At the one I caught in Newark, N.J., the band sounded clean, crisp, and tight, with drummer Watts still elegantly swinging after all these years. The singer heard it that way, too: "Definitely. We sort of worked our way up to that point. It didn't feel like it was unrehearsed, but it still felt relaxed."
Jagger remains a dynamo on stage. "If I'm going to do this really well, I have to do quite a lot of preparation," he says. "I have to do things vocally, and things physically. Because it's quite a physical show. You have to build up to that . . . you can't really burn a candle at both ends for that tour period. Or, at least, I can't."
The Stones wound up their last tour in 2007. In the interim, Keith Richards' autobiography, Life, called Jagger "unbearable" and claimed he had a "tiny todger."
Does that kind of sniping ever threaten the Stones' survival? Or does Jagger shrug it off? "That's kind of a long subject I don't want to go into on this interview," he says politely.
Fair enough. What about ticket prices? They run as high as $600 for the Wells Fargo show, but there are some $85 ducats which might land lucky fans in the "Tongue Pit." Does Jagger worry he's pushing prices too high? "I don't know. There are low prices, too," he says. "I think there are different prices for different pockets."
The 2012 greatest-hits set, GRRR!, included two new songs produced by Don Was. Will the Stones record again? "I'm working all the time, doing songs and writing. I hope there will be another Stones album. It would be good if there was."
Five decades on, the Stones still draw from their original inspirations. At the Newark show, they pulled out Chuck Berry's "Around and Around." Do his original heroes still give Jagger a thrill?
"Oooh," he says. "I think I always like Little Richard, because he was a really energetic performer. I liked his records before I was with the Stones. I used to do songs that he did when I was a singer when I was kid. And I always like Muddy Waters, though he's a different kind of performer. But his records still hold up, really, as I do think Richard's records hold up. And some of the best of them have this fantastic energy to them.

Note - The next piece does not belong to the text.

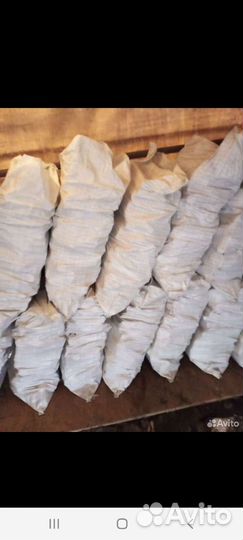 Продам дрова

"Which is part of what I think rock and roll is about. Energy. It jumps out at you, even if you haven't heard it for ages. I put it on in the studio and it just leapt out of the speakers, just amazing, some alternate take of Little Richard. And I think that James Brown was really a great performer and his music still stands up. Those people are really outstanding."

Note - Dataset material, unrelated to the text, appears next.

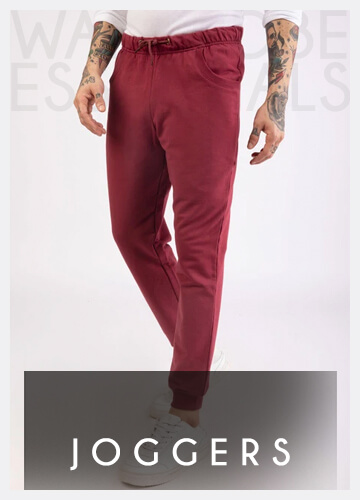 joggers for men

Richards has often talked about going out as his blues heroes such as Waters did, on a chair on stage till the bitter end. Mick sees it differently than Keef.
"He only did that because he got into a car crash," Jagger says of Waters, who died in 1983. "If you watched Muddy at Newport, he was all over the stage. . . . One remembers him, as Keith says, as the guy in the chair, but he really wasn't that a lot of his career."

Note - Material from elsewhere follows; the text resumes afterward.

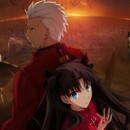 Fate/Stay Night: Unlimited Blade Works – 11 (Subtitle Indonesia)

"But you know, rock-and-roll is different than the blues," says the archetypal rock-and-roll front man. "It's not the same thing at all. Blues played in a chair is fine, but rock-and-roll is not really meant to be played in a chair."
So, will there come a time when a wizened Jagger will while away his days, moaning the blues when he can no longer strut his stuff? "Probably not. I don't think so. I might do it to amuse myself, but I don't see it happening. But then you never know what's going to happen to you, do you?"